Once the nanoparticles have been successfully conjugated with the TKI, the next step in our study was to assess the internalization of the newly described bioconjugate into the AML cell. Internalization was investigated using two different microscopy techniques: dark-field microscopy and TEM. Figure 1 shows representative dark-field microscopy figures for AML control cells and cells treated with the bioconjugates GNP-TKI. In the left quadrants, we have the figures for OCI-AML3 cell line and in the right one for THP1 cell line. The colored bright spots inside cells arise from the characteristic scattering of GNPs, which clearly demonstrate that the leukemia myeloid cells have successfully internalized the GNP-TKI bioconjugates. Our study confirmed each statement using two different assays. Thus, the internalization of the GNP-TKI bioconjugate is also confirmed using TEM. Figure 2A shows GNP-sorafenib particles inside leukemia cells. In the left quadrants, we have the OCI-AML 3 cell line, whereas in the right quadrant we have THP1 cells. In the upper figures, we have lower magnifications, showing the entire cell. In the lower figures, we show in detail the GNP-sorafenib bioconjugate. Using the same pattern, we prove that both GNP-lestaurtinib (Figure 2B) and GNP-quizartinib (Figure 2C) are internalized. The GNP-TKI nanostructures are internalized both in their current form, as well as using intracellular vesicles. Figure 2C clearly shows such a vesicle, carrying the newly formed GNP-TKI nanostructures inside the cell. The nanostructures have both round and triangular shapes, as shown in Figure 2D, even though most of them are round, forming clusters (Figure 2E).

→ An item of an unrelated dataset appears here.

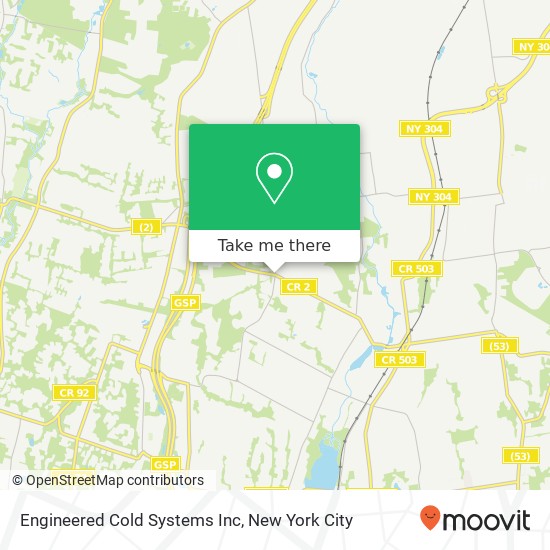 Engineered Cold Systems Inc map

Figure 1 Dark-field microscopy images of OCI-AML3 (left column) and THP1 (right column) cells treated with (TKI)-inhibitor functionalized gold nanoparticles (GNPs).
After having proven that the newly synthesized nanoconjugates have entered the leukemia cell, the next step was to assess their effects in vitro. Thus, we have investigated their effect using both cell counting assay and the MTT assay. Figure 3A and B shows the MTT data for GNP-lestaurtinib, both for OCI-AML 3 cells (Figure 3A) and THP1 cells (Figure 3B). Figure 3C and D shows the MTT data for GNP-quizartinib, both for OCI-AML 3 (Figure 3C) and THP1 cells (Figure 3D). Figure 3E and F shows the MTT data for GNP-sorafenib, both for OCI-AML3 (Figure 3E) and THP1 cells (Figure 3F). Table 2 shows the MTT data for GNP-lestaurtinib, both for OCI-AML 3 and THP1 cells, the MTT data for GNP-quizartinib, both for OCI-AML 3 and THP1 cells, and the MTT data for GNP-sorafenib, both for OCI-AML 3 cells and THP1 cells. As shown in Table 2, the MTT data is highly statistically significant, with P<0.0001.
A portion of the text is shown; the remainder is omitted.